Package Manager for SPFS.
SpFS provides a powerful set of tools for capturing and isolating process filesystems at runtime, but not a lot of great workflows for managing and organizing the environments and layers. SPK is the solution to this problem, adding the concept of software packages and the process of environment and dependency resolution for a better workflow.
See the main docs for details on using spk, starting with the index.
SPK/SPFS/spawn are Copyright (c) 2021 Sony Pictures Imageworks, et al. All Rights Reserved.
SPK/SPFS/spawn are distributed using the Apache-2.0 license.
spfs
is the per-process layered file system.
spk
is the software packaging system built on top of SPFS.
spawn
is the application launcher for spk packages.
These are spread over three code bases at the moment, but will probably be merged into a single project, spk. Please refer to spk for almost all information about staging the open source project, that's where the developer documentation and communication will live, including Contributing to SPK.
Please read Contributing to SPK.
Please read SPK open source development plan.
SPK is mostly written in python, with a Rust extension that integrates with the spfs API.
For details on architecture and design of the codebase, see the developer docs.
Python dependencies are tracked with Pipenv, which will need to be installed. You will also need access to the rust toolchain, which can be installed with rustup.
Once you have access to the pipenv command, jump into a development environment using:
pipenv sync --dev
pipenv shell
The easiest way to work with spk is to install a local development version into the pipenv virtaul environment. Once in a pipenv shell, this can be achieved by running the commands below.
# install the local sources into the virtualenv
python setup.py develop
which spk # now points to local dev version
spk --help
NOTE In order to run spk you will need spfs to already be installed on the local system. The easiest way to do this is to download the rpm file attached to the latest release in the spfs repo.
The spk codebase is setup to produce a centos7-compatible rpm package by building spfs in a docker container. To create the rpm package, you will need docker installed. These packages are also built and made available in this repository's CI.
In order to properly build the rpm, you will need to provide your github username and an access token so that the container can pull the spfs sources to build against. The Makefile is setup to prompt you for and fill in these values automatically. If you don't wish to fill these in each time, you can also set the SPFS_PULL_USERNAME
and SPFS_PULL_PASSWORD
environment variables before calling make.
# build the rpm package via docker and copy into ./dist/rpm
make rpm
Spfs has a number of unit and integration tests as well as testable examples that can all be executed with pytest
. The tests themselves need to be executed under an spfs runtime in order to properly execute.
spfs run - -- pytest
Additionally, there are some rust unit tests that can be executed using cargo
.
make cargo-test
From this shell, you can run the local build of the spk
command as well as all tests with pytest.
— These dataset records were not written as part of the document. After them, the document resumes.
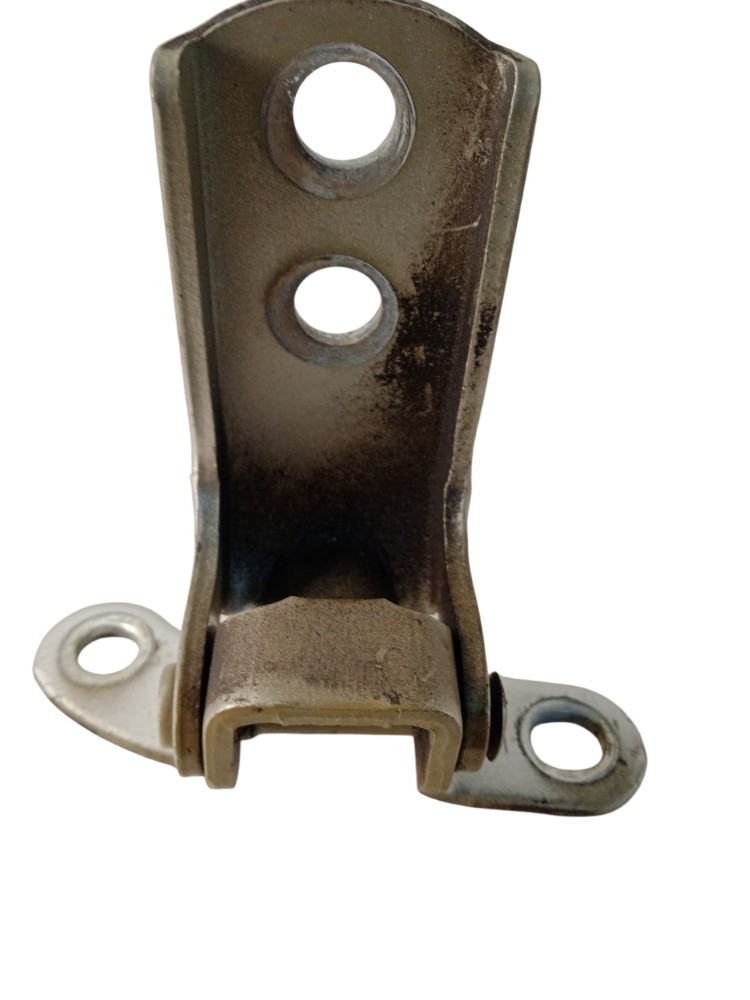 Dobradiça Da Porta Dianteiro Direito Toyota Etios 5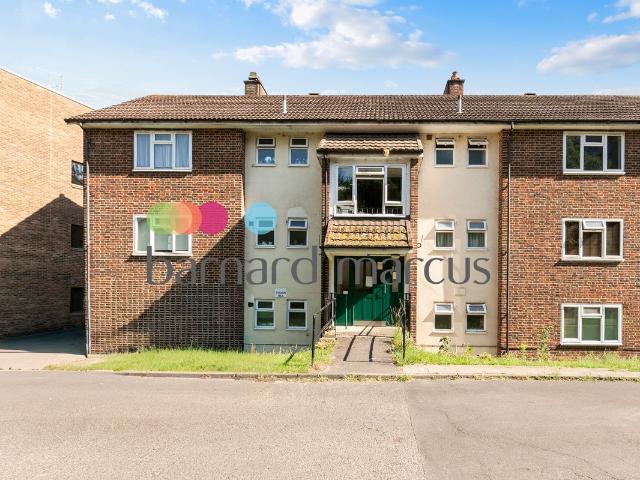 Sylvan Hill, London SE19, 2 bed flat to rent, £1,650 pcm | PrimeLocation
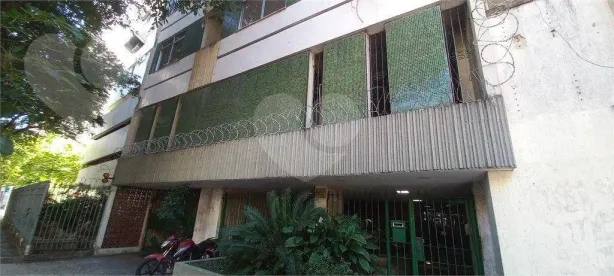 Apartamento com 3 Quartos à venda, 110m² no Icaraí, Niterói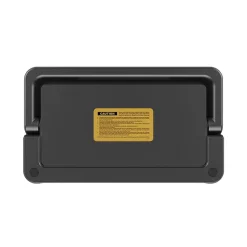 Station d'énergie nomade IZYWATT.moov - 835 Wh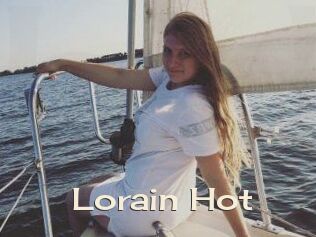 Lorain_Hot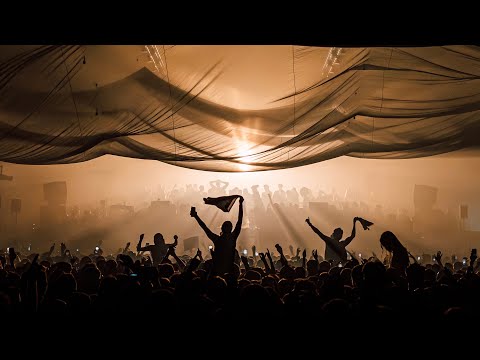 Fred again . . and Apple Music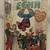 Silver Age Marvel Comics Lot "Not Brand Echh" 4 thumbnail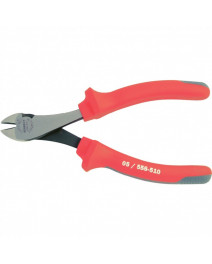 Cleste zwick izolati...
NOTE: running the local development version of spk, and running the unit tests will require that spfs
is installed on the local machine. The pytest test suite must also be run from within an spfs environment in order to work properly.
# run the unit test suite
make test
In a new environment, it can be helpful to build all of the core packages whose recipes ship with SPK. A script has been provided which runs through all of the builds for these packages in the right order.
# bootstrap and build all core packages (takes a long time)
make packages
# build only enough to bootstrap a compiler and linker
make packages.bootstrap
# build the python2 package (will require at least packages.bootstrap)
make packages.python2
Some of these package specs have not yet been used or tested fully or ironed out all the way so please communicate any issues as you run into them!
Currently, this process can only be run on an rpm-based system, as it relies on some rpm packages being installed on the host in order to bootstrap the build process. If you are not running on an rpm-based system, you can run the process in a container instead:
# build boostrap packages in a docker image
# (can also build any other packages.* rule, though the container startup is heavy)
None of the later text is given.